"Niedawno wyprawialiśmy imprezę z okazji pierwszych urodzin mojego synka. Goście starannie dobrali prezenty. Tylko moja teściowa się wykruszyła. Jakoś mnie to nie dziwi. Lepiej byłoby, gdyby wręczyła nam kopertę, a nie takie COŚ! Przecież ten prezent jest niebezpieczny. Tu chodzi o zdrowie i życie mojego dziecka".
Publikujemy list naszej czytelniczki. Tekst został zredagowany przez Styl.fm. Masz historię do opowiedzenia? Prześlij ją na: [email protected]. Wybrane teksty opublikujemy. Zastrzegamy sobie prawo do redakcji tekstu.
Obchodziliśmy roczek synka
To niesamowite, że mój synek już skończył rok. Przecież ja całkiem niedawno go urodziłam, a teraz już jest taki duży i mądry. Oczywiście z okazji urodzin postanowiliśmy wyprawić mu przyjęcie urodzinowe. Zaprosiliśmy bardzo dużo osób, żeby świętować w dużym gronie. Właśnie na takiej imprezie nam zależało.

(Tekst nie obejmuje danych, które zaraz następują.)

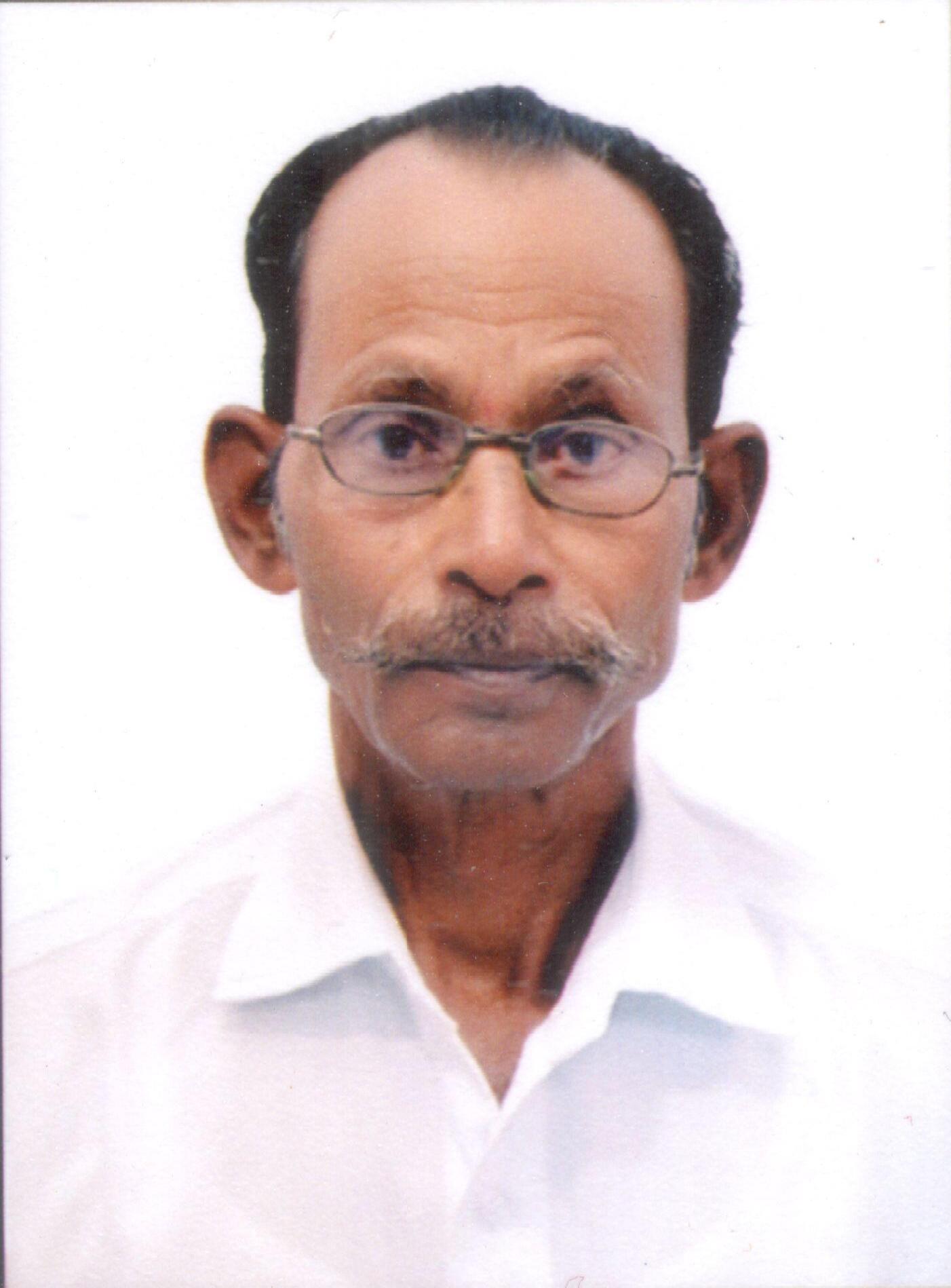 Dilipsinh Valjibhai Kataria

Goście pytali, co przynieść w prezencie dla dziecka. Przygotowałam więc listę, na której umieściłam wszystkie najważniejsze rzeczy, zależało mi na tym, żeby prezenty były dobrze dobrane do zainteresowań synka, a przede wszystkim do jego wieku. Bezpieczeństwo jest najważniejsze!
Teściowa wręczyła mu TO
Goście bardzo się postarali, tylko teściowa się wykruszyła. Było mi bardzo przykro, bo kompletnie się nie postarała. A najgorsze jest to, że nie zapytała nas o zdanie i kompletnie nie interesowała się tym, czy dobrze wybrała. Po prostu poszła do sklepu i wydała niemałe pieniądze na prezent, który nie jest dostosowany do wieku dziecka, a na dodatek jest niebezpieczny!

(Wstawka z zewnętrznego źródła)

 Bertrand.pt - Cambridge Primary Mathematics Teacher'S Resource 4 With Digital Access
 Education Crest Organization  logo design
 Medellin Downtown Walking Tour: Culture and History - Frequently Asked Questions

Mama mojego męża kupiła swojemu rocznemu wnukowi... Trampolinę! Przecież to jakiś koszmar. Takie małe dziecko nie ma jeszcze odpowiednio rozwiniętych mięśni, stawów, kości i nie może skakać na czymś takim.
Co mam teraz zrobić z tym prezentem?
Teściowa oczywiście tego nie rozumie i uważa, że ja przesadzam i wymyślam. Oczekuje, że nasz synek będzie korzystał z trampoliny, a dla mnie to jest po prostu wykluczone. Jak mogę go umieścić w czymś takim i liczyć na to, że nie zrobi sobie krzywdy?
Czytałam na ten temat i wiem, że na trampolinie można doznać wielu kontuzji. Chcę tego uniknąć, więc najchętniej sprzedałabym to ustrojstwo. Teściowa jednak cały czas dopytuje się o swój prezent i liczy na to, że będzie w użytku. Trudno mi to jej racjonalnie wytłumaczyć.